START Dataset entries

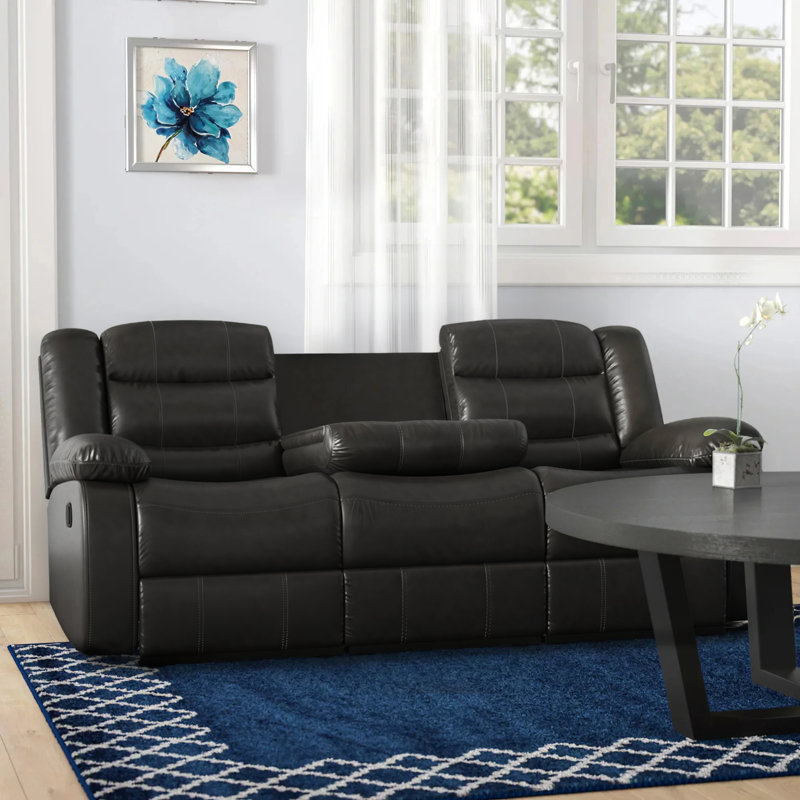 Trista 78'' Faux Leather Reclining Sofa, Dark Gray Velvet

END Dataset entries
START Dataset entries

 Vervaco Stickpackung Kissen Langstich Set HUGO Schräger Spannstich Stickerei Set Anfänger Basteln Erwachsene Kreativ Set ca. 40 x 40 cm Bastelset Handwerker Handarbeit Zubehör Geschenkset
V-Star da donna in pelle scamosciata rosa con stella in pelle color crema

END Dataset entries

### Task directions
Within the listing above, give again exactly every line from the line with "Vervaco Stickpackung Kissen" through the line with "V-Star da donna", both included, and no other line.

### Result of the task
 Vervaco Stickpackung Kissen Langstich Set HUGO Schräger Spannstich Stickerei Set Anfänger Basteln Erwachsene Kreativ Set ca. 40 x 40 cm Bastelset Handwerker Handarbeit Zubehör Geschenkset
V-Star da donna in pelle scamosciata rosa con stella in pelle color crema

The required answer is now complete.